San Diego is led by Philip Rivers, one of the best quarterbacks in the league. Last year’s individual success throwing the ball was without Vincent Jackson and Antonio Gates for most of the year and those two will be back in action this year starting in Week 1.
The Chargers missed out on the playoffs last year even though they had the top-ranked offense and defense. They will be out for vengeance.
San Diego wins.
Carolina at Arizona
Rookie quarterbacks don’t tend to do well. No team with a rookie starting at quarterback has ever won the Super Bowl. And Cam Newton will have his work cut out for him with the Panthers who, even though they had only two wins all of last year, kept their roster mostly intact from last year.
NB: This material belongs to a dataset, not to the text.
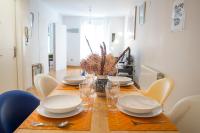 AT Compañía 100 m2 2 WC - B&B Pamplona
Arizona gets Kevin Kolb in at quarterback. His sample size isn’t very big, but he’s had a little bit of success in the league and Larry Fitzgerald loves catching passes from him.
Dallas at New York Jets
Two years with Rex Ryan as their head coach (and Mark Sanchez as their starting quarterback) and the Jets have two trips to the AFC Championship game. They just haven’t won the division, or gotten a bye in the first round of the playoffs. They need to get a bye to make the process a little easier on themselves.
Dallas should have a nice bounce-back season with a healthy Tony Romo leading the way and contend in the NFC East, but at the newly christened MetLife Stadium the fans will be going nuts for the Jets.
New York wins.
New England at Miami
Miami’s starting quarterback has been booed by the home fans in the preseason, their head coach was given an extension only after the owner tried to pursue a different coach while the incumbent was still under contract and the Wildcat, which made this team unique offensively, lost its top guy when the team let Ronnie Brown go. They also went 1-7 at home last season.
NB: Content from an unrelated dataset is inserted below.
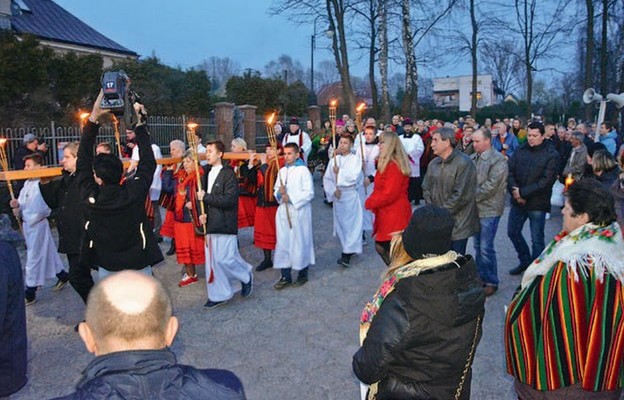 Co roku w Masłowie w czasie Drogi Krzyżowej z udziałem bp. Florczyka wierni rozważają nauczanie papieża Polaka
Oh, and they went 0-2 against the Patriots last year and lost the two games by a combined 58 points.
New England wins.
Oakland at Denver
Oakland won only eight games last year and lost its top receiver in tight end Zach Miller and its top defender in corner Nnamdi Asomugha.
Kyle Orton threw for 3,653 yards and only nine interceptions last season but many fans will still begging for Tim Tebow to start and he was on the trade block. He’ll be out to prove his value this season, to the Broncos or any other team.